So, we have a fully-functional Ceph object store. Yay! Now let's add all the frosting needed to turn it into a distributed file system. What follows is based on the tail-end of the Storage Cluster Quick Start and the Fielsystem Quick Start.
As a reminder, here's where the cluster stands right now:
[ceph-deploy@admin ~]$ sudo ceph status
cluster:
id: 7832fc74-3164-454c-9789-e3e2fcc8940f
health: HEALTH_WARN
clock skew detected on mon.node2, mon.node3
services:
mon: 3 daemons, quorum node1,node2,node3
mgr: node1(active), standbys: node2, node3
mds: test_fs-2/2/2 up {0=node3=up:active,1=node2=up:active}, 1 up:standby
osd: 3 osds: 3 up, 3 in
data:
pools: 2 pools, 60 pgs
objects: 42 objects, 2.6 MiB
usage: 546 MiB used, 2.5 GiB / 3.0 GiB avail
pgs: 60 active+clean
Note the carping about "clock skew"; that seems to happen intermitently even though NTP is installed.
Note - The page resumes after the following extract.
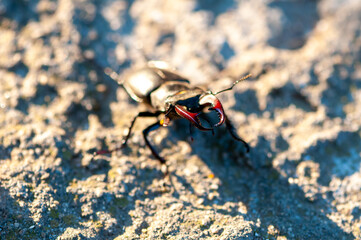 Close-up of a stag beetle walking on the ground.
I suspect it's a by-product of running in a virtual environment and suspending/resuming nodes and such.
Anyhow, we've got monitor daemons, manager daemons, ODS daemons... all the bits needed to use the object storage features of Ceph. In order to use the DFS features we have to set up the metadata server daemons. So let's install three of them, one per node, which will allow us to have a load-sharing config with a backup:
ceph-deploy mds create node1 node2 node3
The cluster now reports 3 MDS nodes, 1 active and 2 standby:
[ceph-deploy@admin ~]$ sudo ceph status
cluster:
id: 8a7aac93-aa5a-4328-8684-8392a2e9ce8f
health: HEALTH_WARN
clock skew detected on mon.node2, mon.node3
services:
mon: 3 daemons, quorum node1,node2,node3
mgr: node1(active), standbys: node2, node3
mds: test_fs-1/1/1 up {0=node3=up:active}, 2 up:standby
osd: 3 osds: 3 up, 3 in
data:
pools: 0 pools, 0 pgs
objects: 0 objects, 0 B
usage: 41 MiB used, 2.9 GiB / 3.0 GiB avail
pgs:
Remember that we wanted to have two nodes active and 1 standby; we'll get to that in a moment.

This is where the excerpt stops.